I always felt like saying, “Look pal, I’m an owner of your company. I’m trying to make a decision whether to buy more shares, which would push up your stock price, allow you to raise cheaper capital, employ more option-hungry engineers, so you can kill your competitors, who told me about this hot product in the first place.”
But, like Enron, many companies held back disclosures by hiding behind materiality thresholds. As a $100 billion company, anything less than $10 billion at Enron was not considered material.
As an investor, flying blind, I want to know everything you can tell me. Don’t tell me it would be information overload, I have spreadsheets, I can handle it. Plus there are thousands of Wall Street analysts with not much to do who will gladly pour through these details and form an opinion.
A few weeks ago, Tyco got around to mentioning it did over 700 acquisitions totaling $7 billion in 1999-2001, $4 billion just last year, and the stock promptly halved. They may have been 700 of the greatest companies, but to paraphrase Dr. Strangelove, “The whole point is lost if you keep it a secret. Why didn’t you tell the world, eh?”
Global Crossing got snagged doing capacity swaps on the last day of the quarter, which boosted reported revenues, but not much else. These swaps of Indefeasible Rights of Use (IRUs) were disclosed, as they totaled almost 25% of revenues in Global Crossing’s last quarter before filing Chapter 11. But no other details were given. And the company invented an adjusted cash flow to report to investors. Guess which way it was adjusted.
OK, so Enron, Tyco, Global Crossing — maybe those guys were just a bunch of cowboys. Real companies disclose, right?
Not really. The bluest of the blue chips is IBM and it just got lost in the Sea of Materiality as well. IBM sold an optical component division to JDS Uniphase for a $300 million gain. But rather than reporting it as a one-time gain, IBM used it as an offset to lower its expenses, so it magically flew under the radar. IBM’s revenues in the last quarter were $22 billion, so $300 million is noise. But after-tax profits were $1.3 billion, which investors assumed represented an ongoing trend. Three hundred million dollars in hidden expense reductions means profits were legally overstated by up to 20%. By management refusing to ratchet down the materiality dial, investors were duped. Is this the Lou Gerstner legacy?

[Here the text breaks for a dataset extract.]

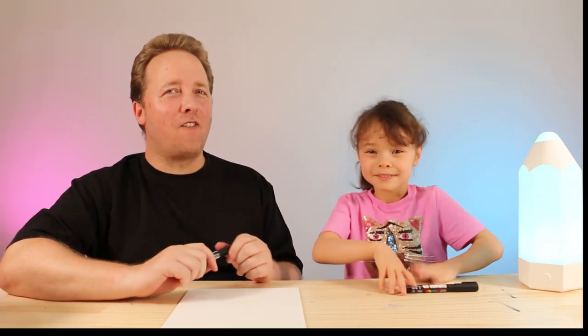Hello! Hey everyone, hope you had an awesome day and are ready to have some fun drawing.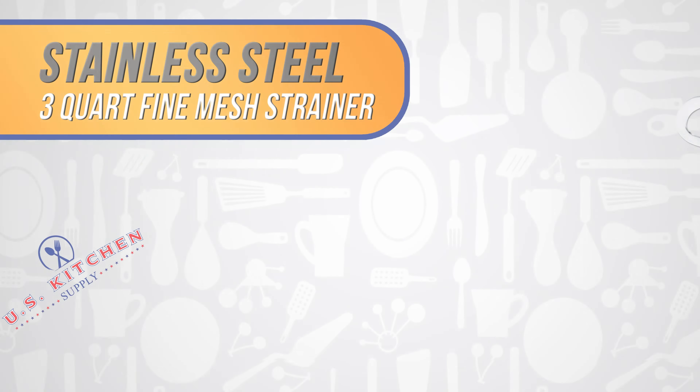Whether you are an experienced chef or a beginner, it's important to have the right tools for the job. Our strainer colander basket can rest in your pot, in the sink, or on a countertop, so that your hands are free for you to focus on other things.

As an “average prudent investor,” to borrow the SEC’s lingo, I hereby declare that for me to be reasonably informed the materiality threshold should be 1%. While SEC chief Harvey Pitt now wants more oversight for accountants, all we need to do is recommend companies use 1% materiality. And make it voluntary.
When a company releases earnings, it should be required to include its materiality threshold. Want to stay at 10%? Fine, just tell me. Oh, your stock may trade at a lower earnings multiple, though, since no one can trust your earnings. Want to claim a 1% materiality threshold? Great, but you better back it up with all sorts of details on how revenues break down, prices, large customers and so on.

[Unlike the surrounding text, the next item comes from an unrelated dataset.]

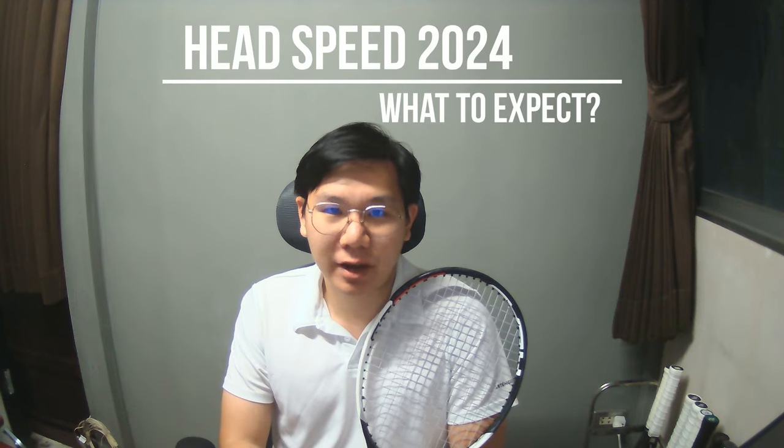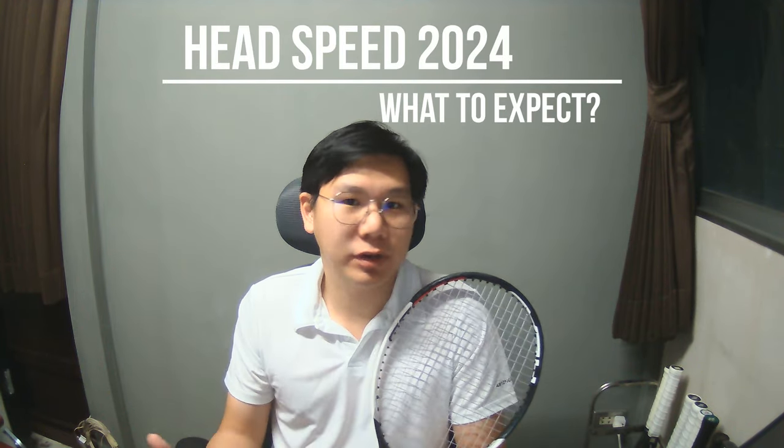Hey, what's up guys, and welcome to Tanini's channel. This week I've been pretty busy with work and had so many things to do, so I didn't have time to edit or post a video earlier. But today I will talk to you about the upcoming Head Speed 2024, or the Auxetic 2.0 version, since both of the finalists at the ATP Finals — Djokovic and Sinner — endorse the Head Speed line. This is the model that Yannick Sinner uses on tour.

General Electric’s stock is down 30% from its May 2001 peak, because investors are worried that the House That Jack Built is increasingly a giant hedge fund with unknown risks. GE Capital, after all, is 40% of its business. In response to investor concerns, CEO Jeffrey Immelt now plans to provide sales and earnings details on 14 financial business units. That feels like a 3% disclosure. Every company in the S&P 500 should follow suit.
Don’t have that much detail at hand about your own company? I’d get your numbers-crunchers on it real quick. If you don’t want to disclose information, stay private, and try borrowing money from your local bank.